Auch Spitäler sollen „smart“ werden. Was sich hinter diesem Begriff verbirgt und wie die Transformation vonstatten geht.

Die mittlerweile gängigen Begriffe wie Krankenhaus 4.0, Informations- und Kommunikationstechnologie 4.0, Medizintechnik 4.0 und Facility Management 4.0 werden, wenn sie sich auf Krankenhäuser beziehen, gerne unter dem Titel Smart Hospital zusammengefasst. Der Begriff „smart“ ist die „Kirsche auf der Torte“ aus Sicht des Marketings. Smart Hospital klingt verlockend und vielversprechend. Allerdings sollten sich Krankenhausbetreiber und Gesundheitsorganisationen mit einigen grundlegenden Fragen auseinandersetzen und sich nicht vom Modewort „smart“ verleiten lassen. Dieser Artikel widmet sich der Beantwortung einiger Fragen in diesem Zusammenhang und gibt einen generellen Überblick zum Thema Smart Hospital.

 

Was ist ein Smart Hospital?

Ein Smart Hospital definiert sich in seinen Funktionen dadurch, dass 

  • sich medizinische und andere technische IKT-Systeme an den Prozessen und Anforderungen der Nutzer und der Patienten orientieren;
  • eine hohe Anzahl an nutzer- und patientenbezogenen organisatorischen Prozessen standardisiert ist und somit durch IKT-Systeme automatisiert durchgeführt werden kann;
  • medizinische und organisatorische Daten über den gesamten klinischen Behandlungspfad einer zu behandelnden Person elektronisch für interdisziplinäre medizinische Zusammenarbeit abrufbar sind;
  • medizinische und organisatorische Prozesse und die daraus resultierenden Ergebnisse nachvollziehbar sind;
  • diagnostische Daten von Medizinprodukten erfasst und durch IKT-Unterstützung automatisiert so kombiniert und aufbereitet werden, dass der behandelnde Arzt eine solide Basis für weiterführende Therapien hat.

 

Der durch den Einsatz eines Smart Hospital entstehende Nutzeffekt zeigt sich in

  • der Steigerung der Effektivität (Wirksamkeit) von medizinischen, organisatorischen, technischen und logistischen Leistungen;
  • der Optimierung der Effizienz (Wirtschaftlichkeit) und Reduzierung sowie Transparenz von betrieblichen und medizinischen Kosten;
  • der Erhöhung der Qualität von medizinischen und betrieblichen Leistungen;
  • der Steigerung der Flexibilität bei medizinischen Leistungen und Erschließung neuer Geschäftsmodelle;
  • der hohen Informationsverfügbarkeit und dem verstärkten Informationsaustauch;
  • der Vereinfachung durch Teil- bzw. Vollautomatisierung von Prozessen und die damit verbundene Entlastung des administrativen und medizinischen Personals.

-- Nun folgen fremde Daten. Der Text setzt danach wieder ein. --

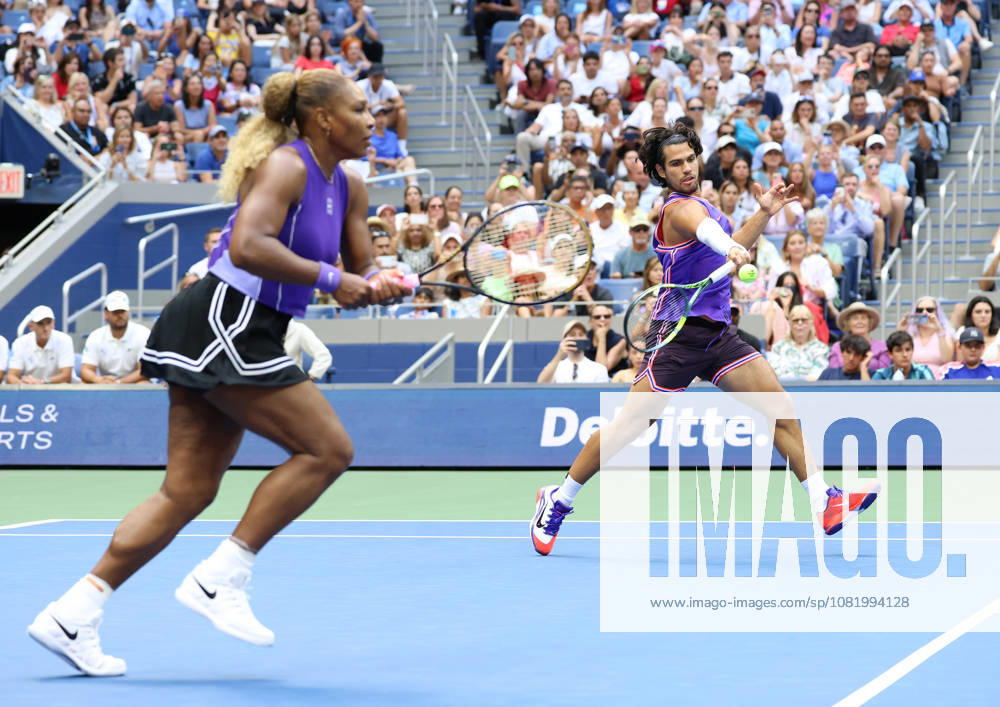 CARLOS ALCARAZ of Spain and SERENA WILLIAMS of USA during the match in the first round mixed doubles of US Open against E. Routliffe of New Zealand and L. Glasspool of Great Britain. New York, USA. New York City USA - ZUMAc278 20260825_zsp_c278_045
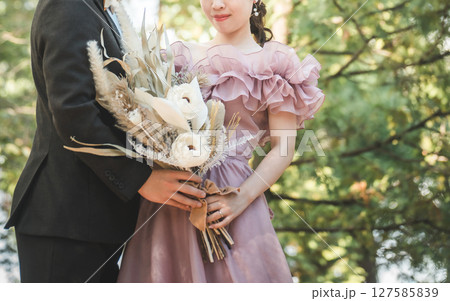 ガーデンウェディング,森の中で愛を誓う新郎新婦（カラードレス） 127585839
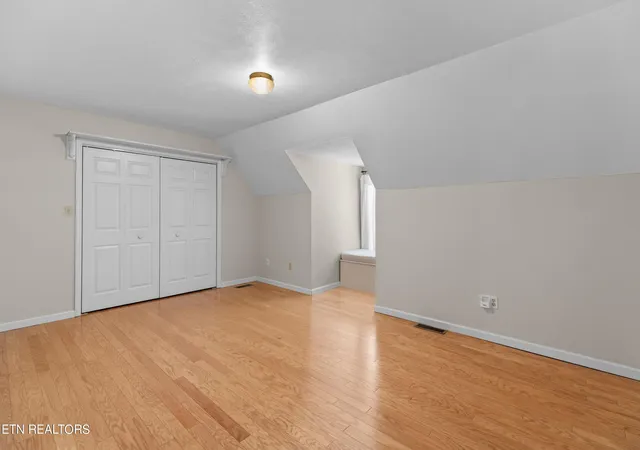 Listing Photo 5 - Condo for sale in building located at 1910 Walnut Ave, Jefferson City, TN 37760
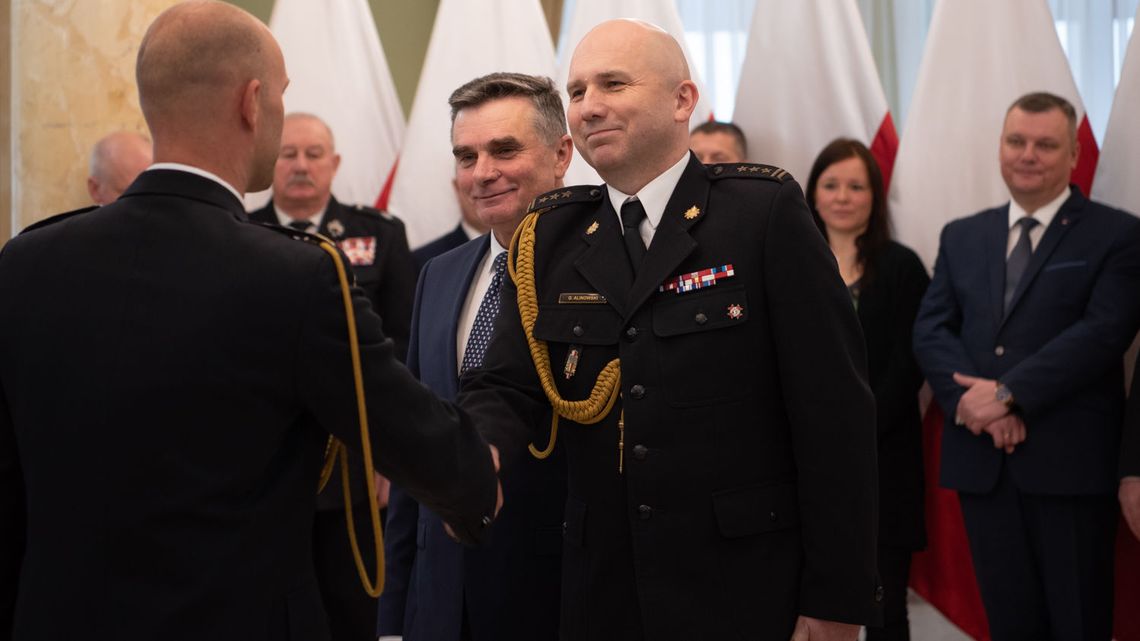 Bohatersko ratowali życie innych ludzi. Awanse i odznaczenia dla lubelskich strażaków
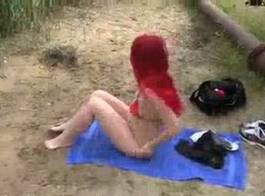 حار ، حمراء الشعر الجبهة مع كبيرة الثدي ، حصلت كاتي كامينغز على صخرة قاسية داخل بوسها الرطب.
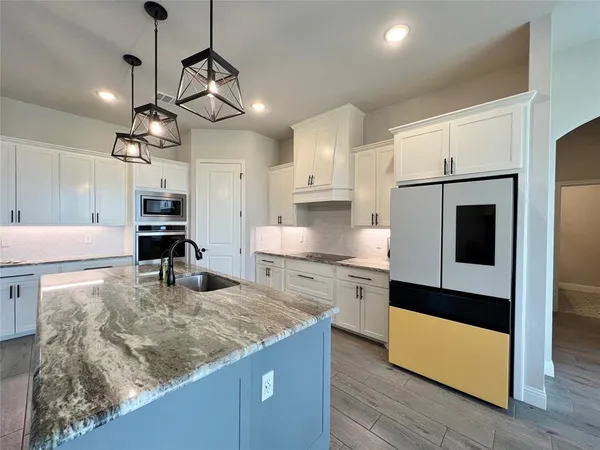 $3,295 | 252 Harvard Lane, Springtown, TX 76082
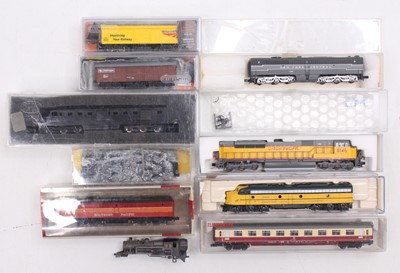 Lot 676 - One tray containing various N gauge...
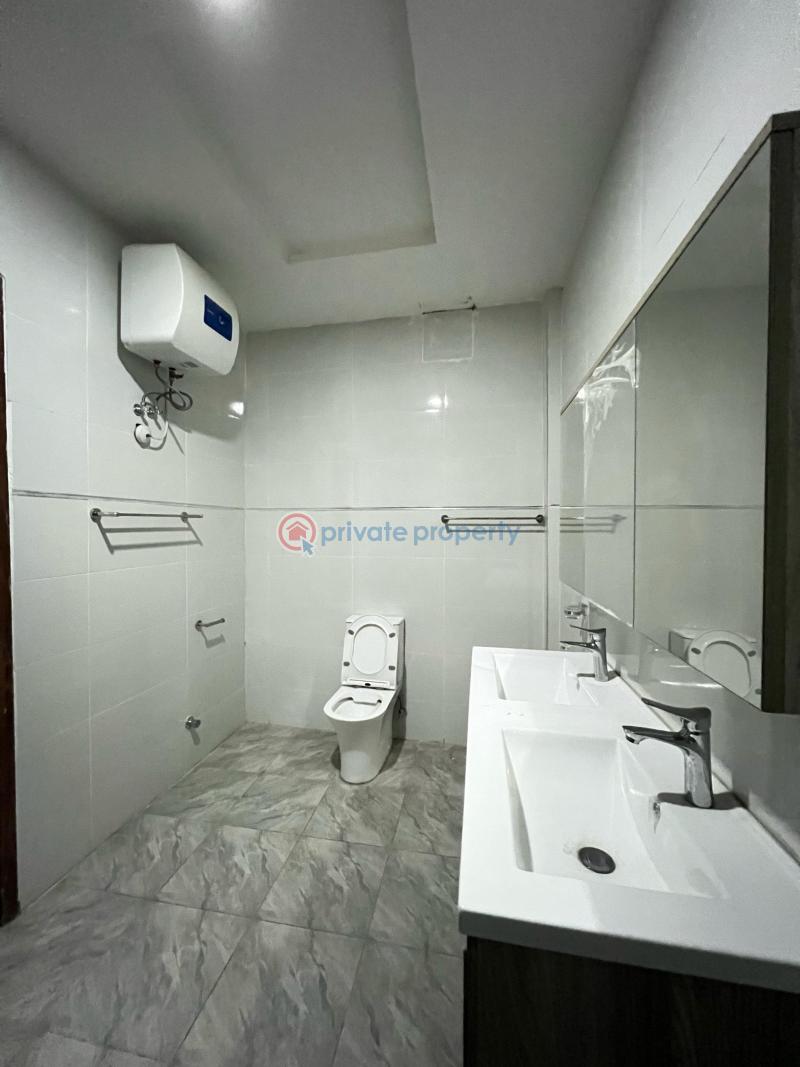 Very spacious 4 bedroom penthouse with swimming pool, gym and elevator - 6 4 bedroom Penthouse For Sale Lekki Lagos - 6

Die hier angeführten Nutzeffekte sollten jedoch nicht die einzige Entscheidungsgrundlage für ein Smart Hospital darstellen. Eine Reihe von Veränderungen und deren Auswirkungen sollten ebenso in die Entscheidungsgrundlage einfließen.

Warum sollten Krankenhäuser zu Smart Hospitals werden?

Das Gesundheitswesen sieht sich mit demografischen, wirtschaftlichen, medizinischen, organisatorischen, technischen und ökologischen Veränderungen konfrontiert, die parallel ablaufen. Gleichermaßen entwickelt sich verstärkt die interdisziplinäre Zusammenarbeit von medizinischen Fachbereichen durch neue medizinische Verfahren und Technologien, die Unmengen an Daten und Informationen generieren. Damit verbunden ist der Bedarf leistungsstarker medizinischer IKT-Infrastrukturen. Ebenso erfordern ein konstant steigendes Energie- und Umweltbewusstsein neue technische und organisatorische Lösungen zur Senkung der Krankenhausbetriebskosten. Das Smart Hospital ist vor allem in wirtschaftlicher Hinsicht für Krankenhausbetreiber und Gesundheitsorganisationen von Bedeutung, da dadurch Kostensenkungen im Gesundheitssektor möglich sind. In Hinblick auf einen gesicherteren kontinuierlichen und qualitativ hochwertigen Versorgungsauftrag muss auf diese Veränderungen reagiert werden.

 

Welche Möglichkeiten bietet ein Smart Hospital?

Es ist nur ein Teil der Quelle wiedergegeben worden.